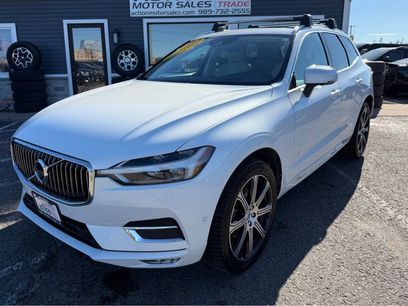 Used 2021 Volvo XC60 T5 Inscription w/ Protection Package Premier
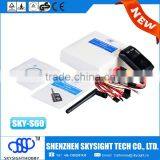 600mw Video FPV 32ch OSD Transmitter With LCD Display SKY-S60 for Fpv Googles thumbnail-3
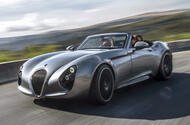 Wiesmann Project Thunderball to electrify Salon Privé London in UK debut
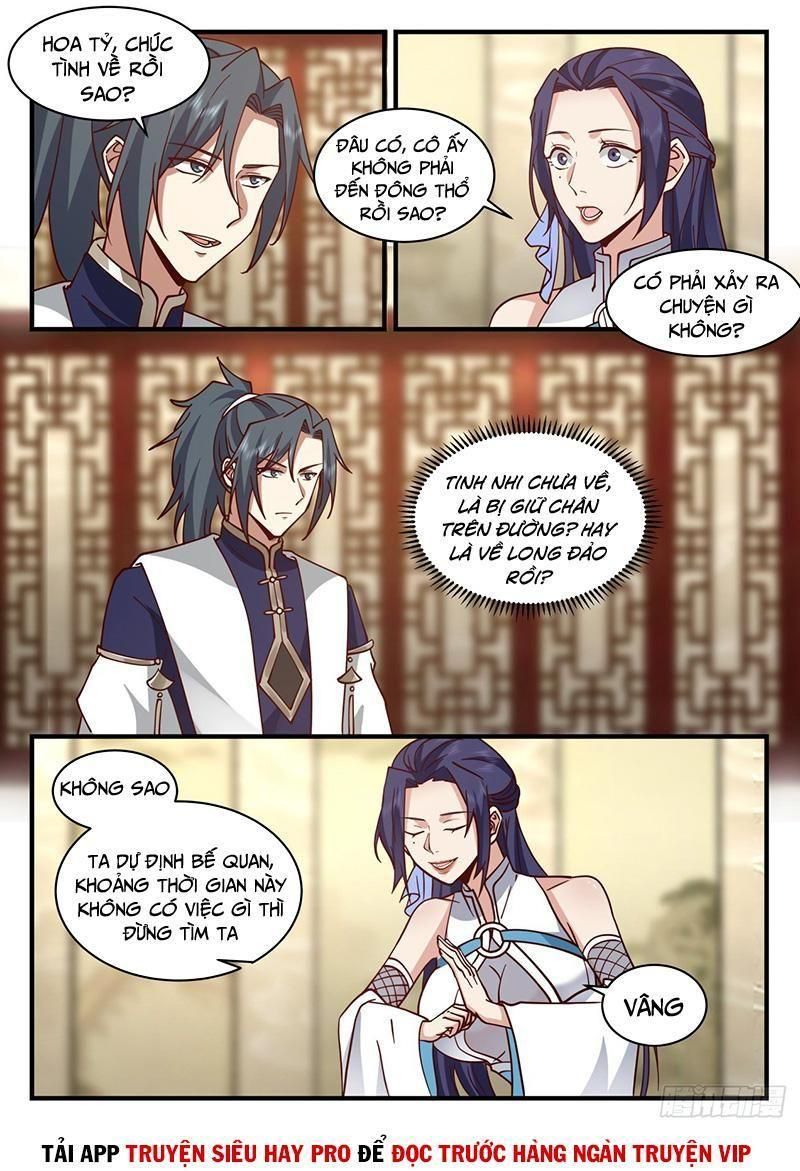 đọc truyện Võ Luyện Đỉnh Phong Chương 2119 ảnh 4 tại Thiên Thai Truyện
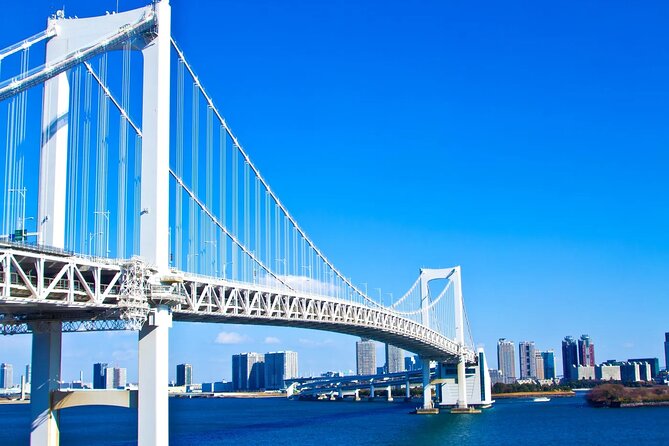 Full-Day Panoramic Bus Tour in Tokyo With Bay Cruise - End Point and Duration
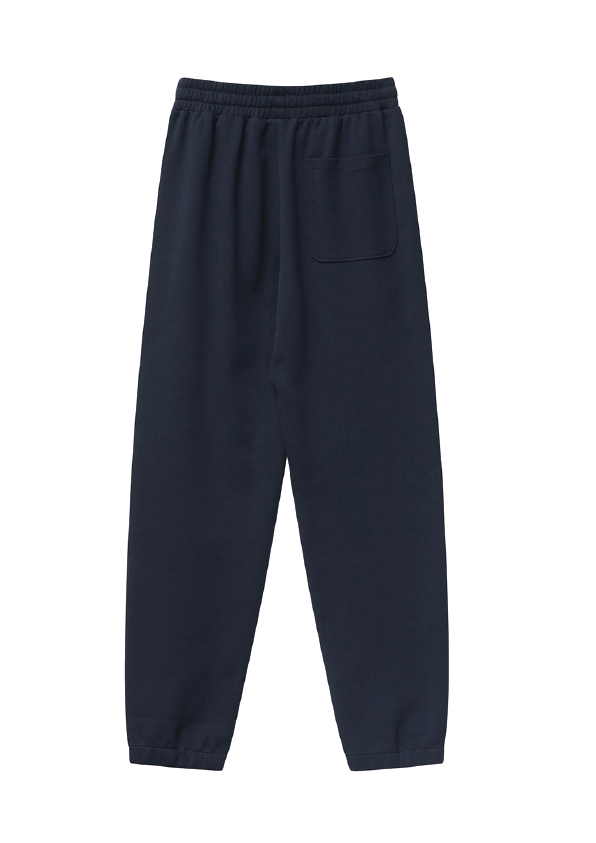 Malvern Marlins Fleece Trackpant - Navy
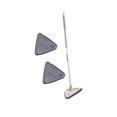 thumbnail image 1 of Triangle Swabber Microfiber Swabber Home Hardwood Floor Swabber for Kitchen Floor Triangle Swabber Triangle Cleaning Ceiling White, 1 of 9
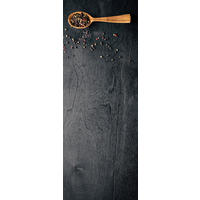 SKLENĚNÁ MAGNETICKÁ TABULE, sklo, 30/80/1,5 cm  - vícebarevná, Konvenční, sklo (30/80/1,5cm) - Euroart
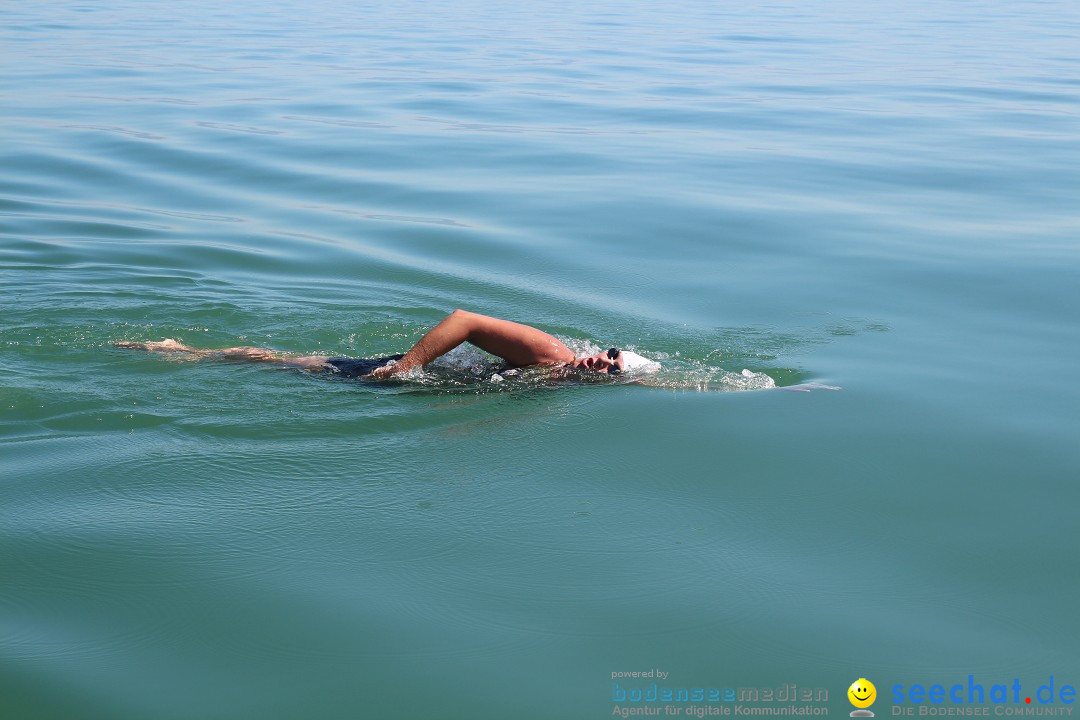 BODENSEEBOOT Breitenquerung, Mirjam Leichsnering: Friedrichshafen, 07.09.20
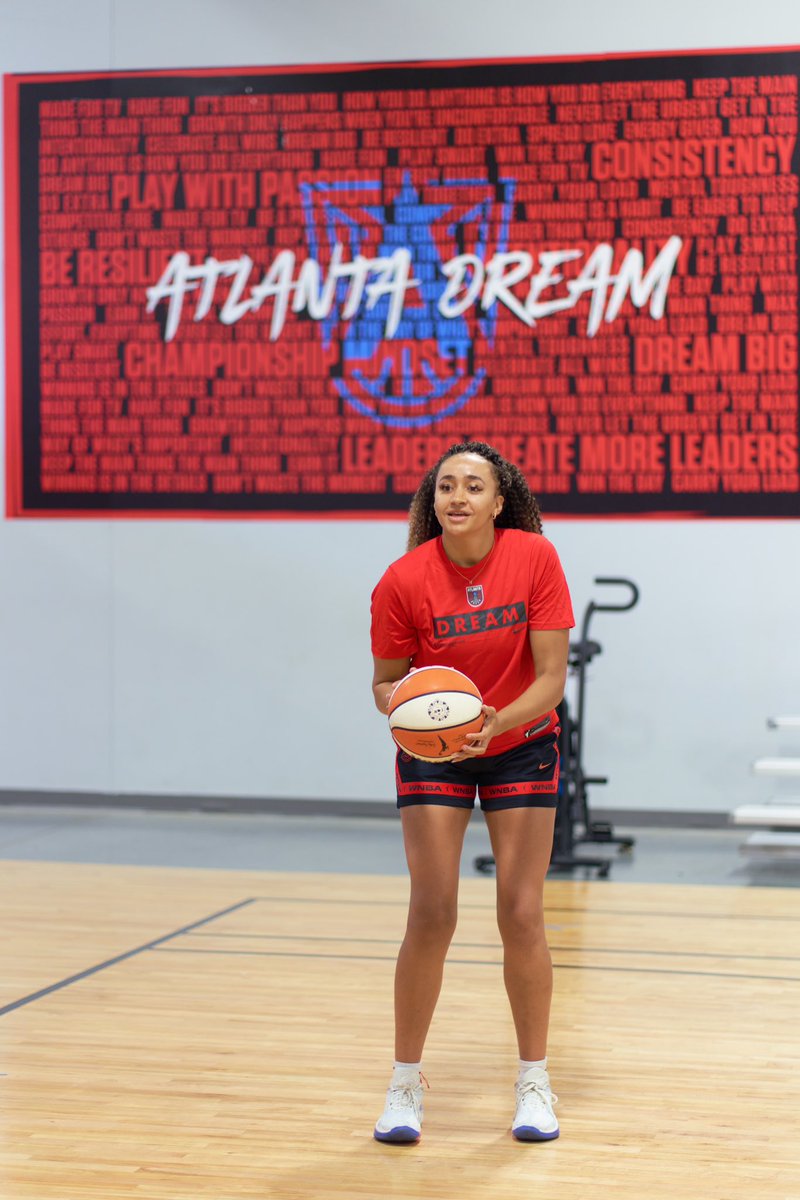 atlanta dream new jerseys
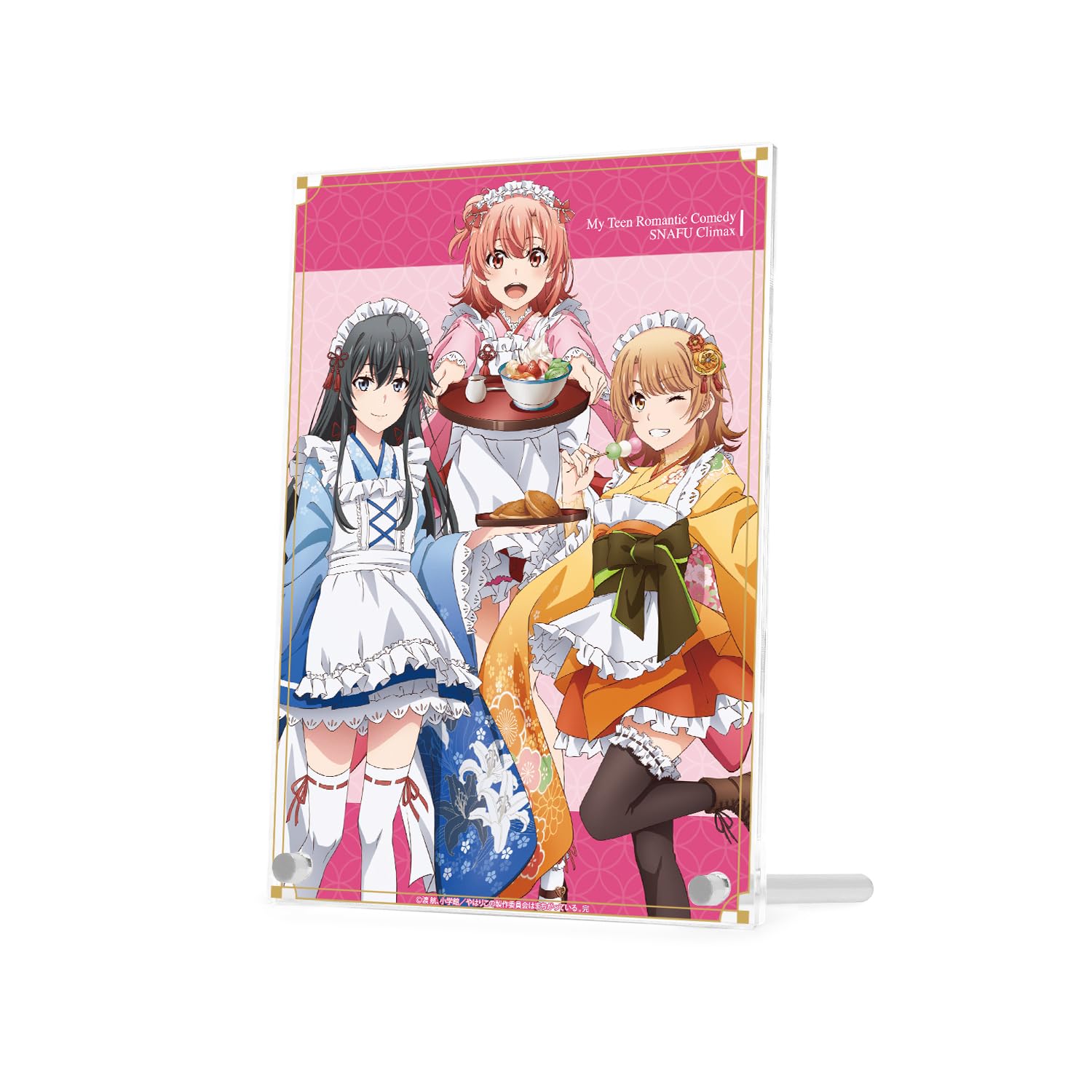 Amazon.co.jp: やはり俺の青春ラブコメはまちがっている。完 描き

---------------

> [Instructions for the task]
Please copy the data above exactly; the pictures do not belong in the copy.

> [Answer section]
 Used 2021 Volvo XC60 T5 Inscription w/ Protection Package Premier
 600mw Video FPV 32ch OSD Transmitter With LCD Display SKY-S60 for Fpv Googles thumbnail-3
 Wiesmann Project Thunderball to electrify Salon Privé London in UK debut
 đọc truyện Võ Luyện Đỉnh Phong Chương 2119 ảnh 4 tại Thiên Thai Truyện
 Full-Day Panoramic Bus Tour in Tokyo With Bay Cruise - End Point and Duration
 Malvern Marlins Fleece Trackpant - Navy
 thumbnail image 1 of Triangle Swabber Microfiber Swabber Home Hardwood Floor Swabber for Kitchen Floor Triangle Swabber Triangle Cleaning Ceiling White, 1 of 9
 SKLENĚNÁ MAGNETICKÁ TABULE, sklo, 30/80/1,5 cm  - vícebarevná, Konvenční, sklo (30/80/1,5cm) - Euroart
 BODENSEEBOOT Breitenquerung, Mirjam Leichsnering: Friedrichshafen, 07.09.20
 atlanta dream new jerseys
 Amazon.co.jp: やはり俺の青春ラブコメはまちがっている。完 描き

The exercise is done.